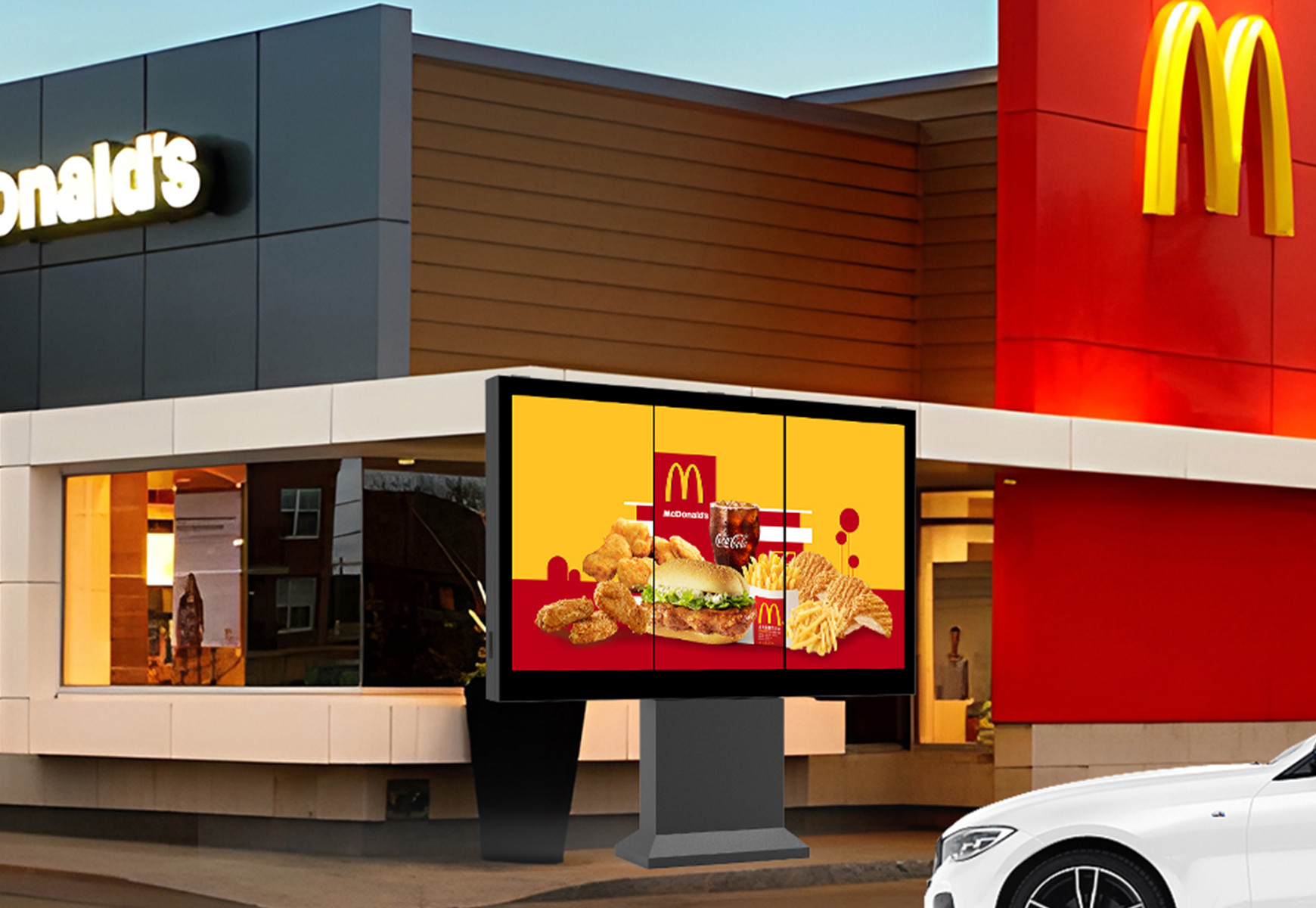 Outdoor menu board drive-thru LCD digital signage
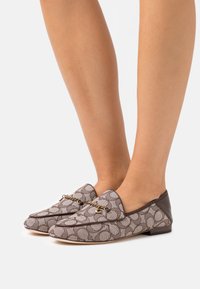 COACH HANNA LOAFER - Slip-ons - oak/maple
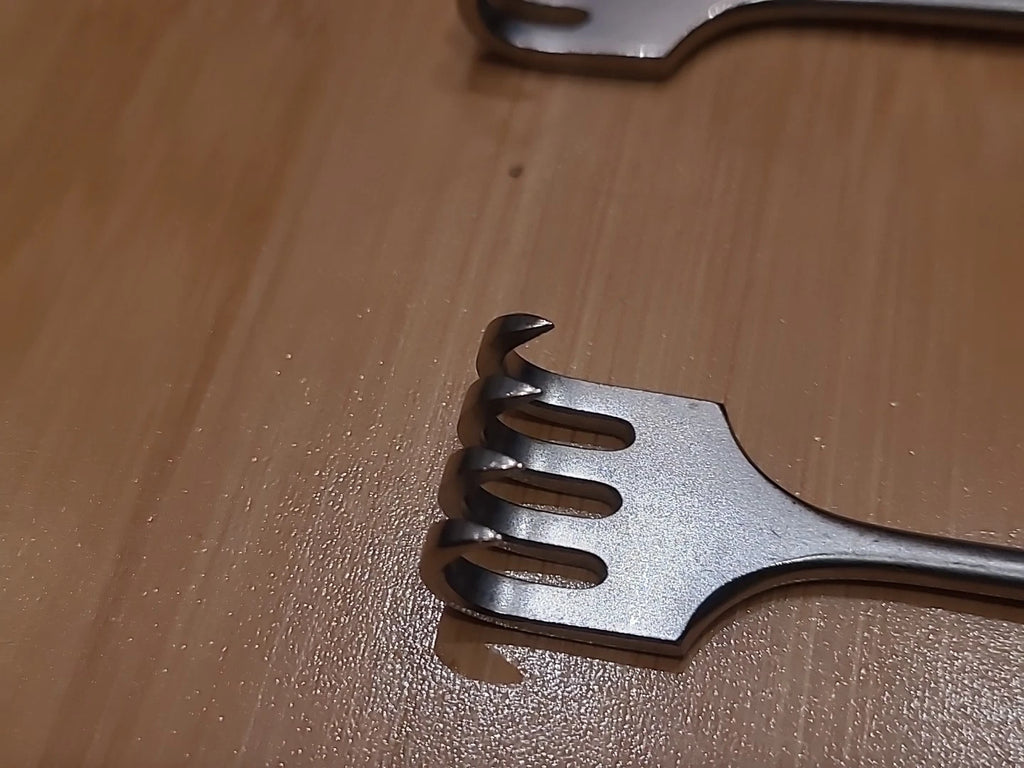 Aesculap Ortho/plastics 4 Prong Sharp Rake Retractor Set Of 2 BT224R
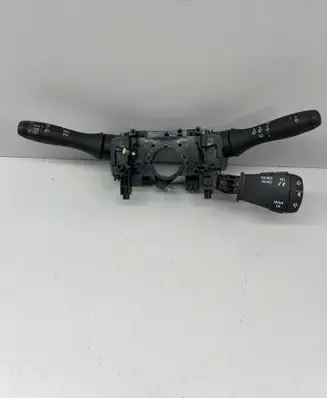 Dacia Duster II Indicator stalk 255678 91453UF800 101391380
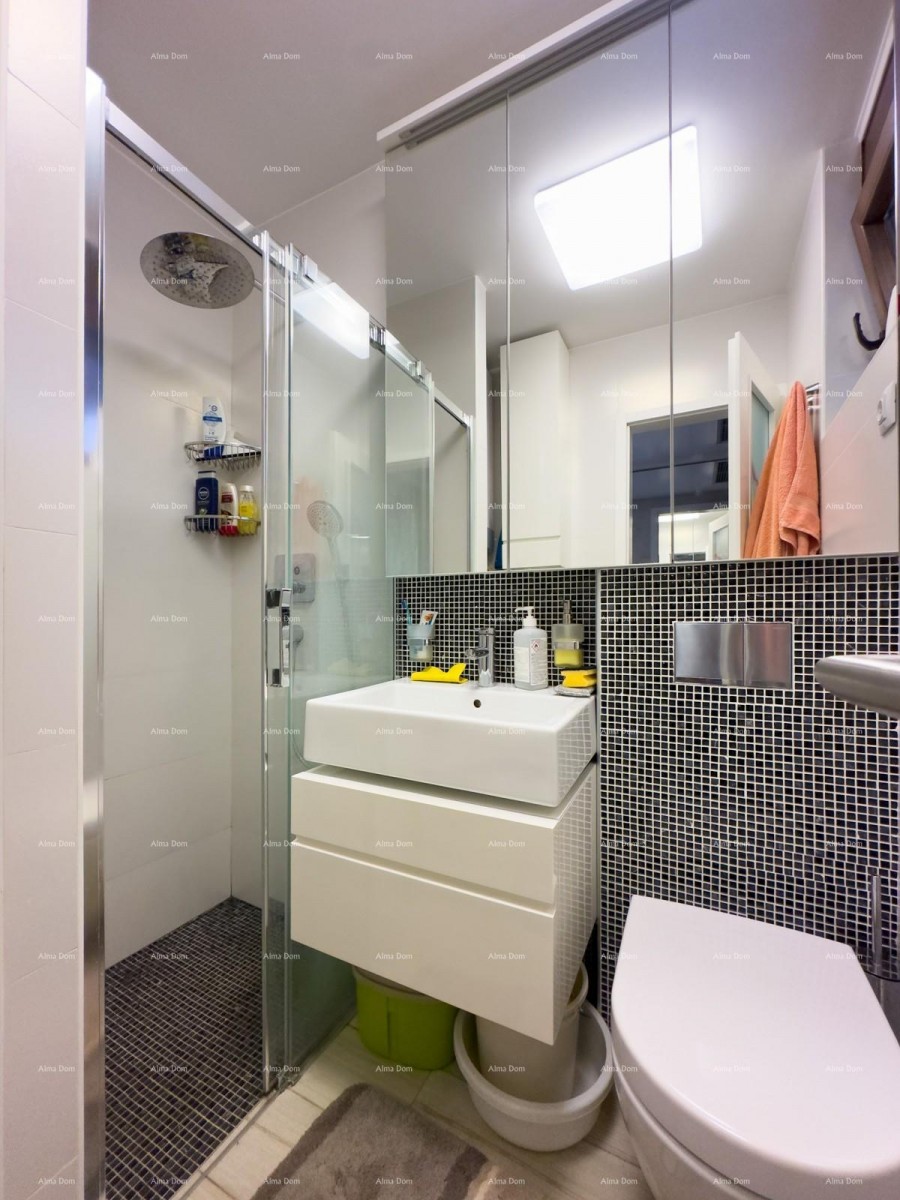 For sale: renovated apartment in Duga Uvala! 7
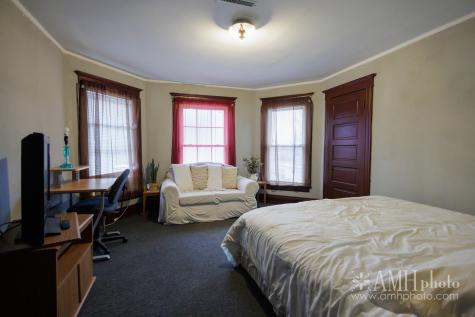 139 South Greenwood Avenue Kankakee IL 60901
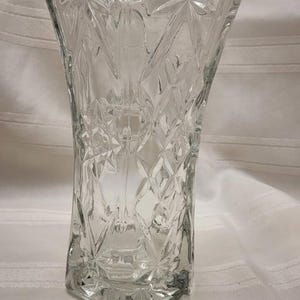 Star of David 8-1/2” Flower Vase Early American Prescut Clear Glass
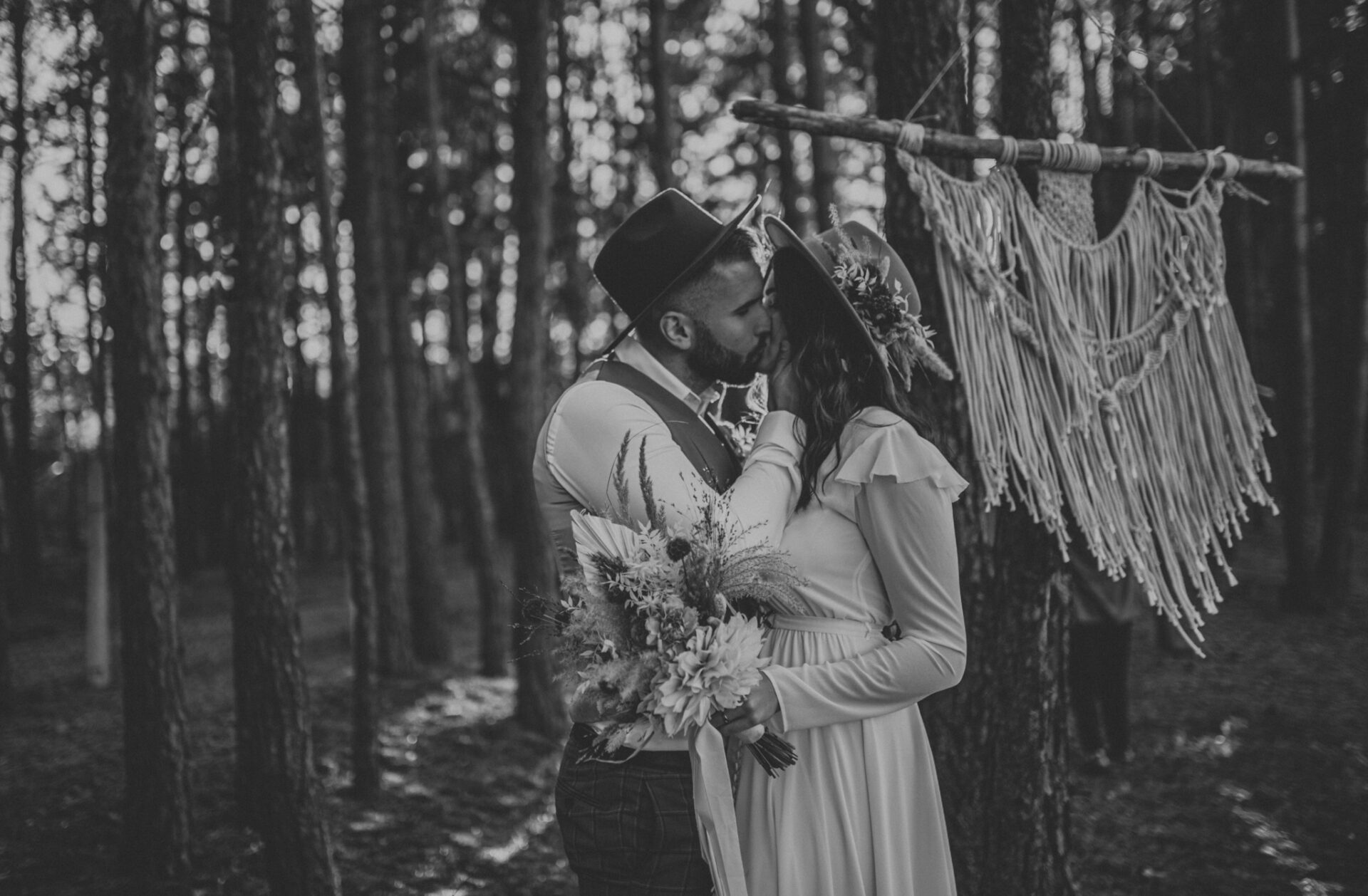 SAW 5223 Romantyczna sesja BOHO w Gajówce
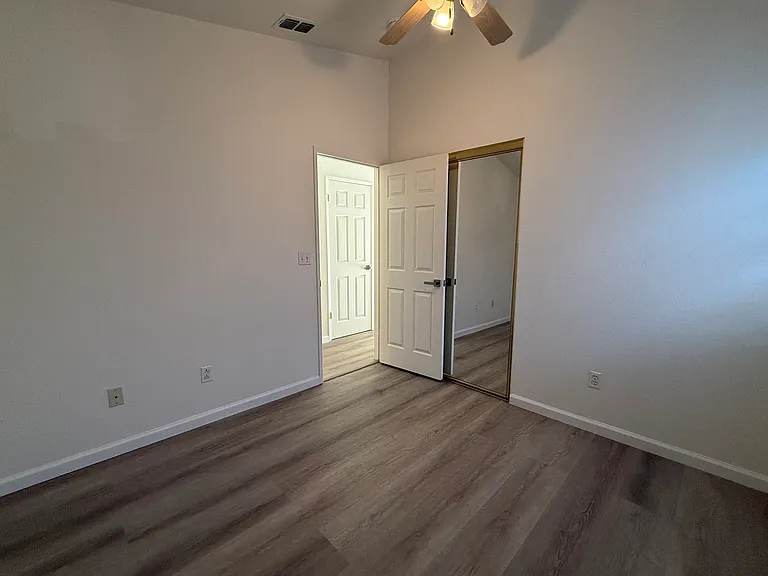 8568 Derlin Way — Photo 6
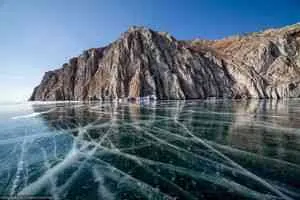 Ледът на езерото Байкал, полезна информация, невидимия свят
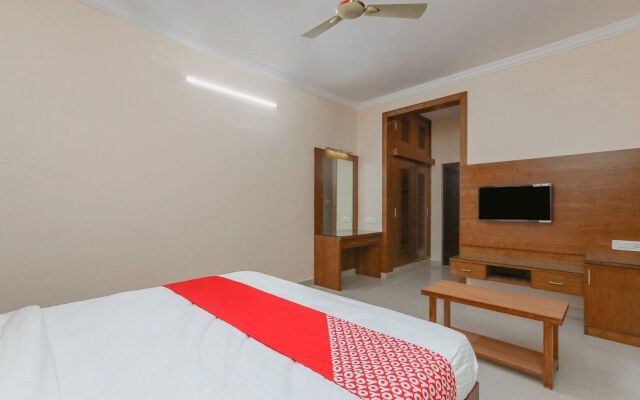 Oyo 24264 Monisha Residency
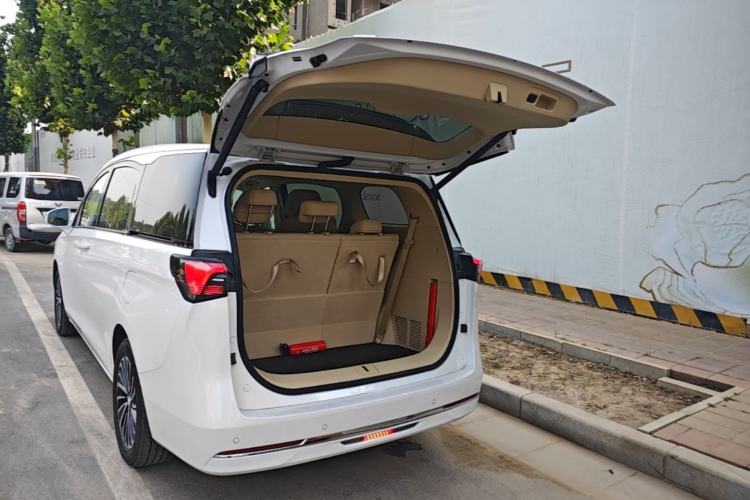 Used Buick GL8 New Energy 2025 Lu Shang Luxury Edition 7-Seater Trunk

- - - - -

Where the material contains pictures, leave them out and copy the rest verbatim.

• EXERCISE OUTPUT:
 Outdoor menu board drive-thru LCD digital signage
 COACH HANNA LOAFER - Slip-ons - oak/maple
 Aesculap Ortho/plastics 4 Prong Sharp Rake Retractor Set Of 2 BT224R
 Dacia Duster II Indicator stalk 255678 91453UF800 101391380
 For sale: renovated apartment in Duga Uvala! 7
 139 South Greenwood Avenue Kankakee IL 60901
 Star of David 8-1/2” Flower Vase Early American Prescut Clear Glass
 SAW 5223 Romantyczna sesja BOHO w Gajówce
 8568 Derlin Way — Photo 6
 Ледът на езерото Байкал, полезна информация, невидимия свят
 Oyo 24264 Monisha Residency
 Used Buick GL8 New Energy 2025 Lu Shang Luxury Edition 7-Seater Trunk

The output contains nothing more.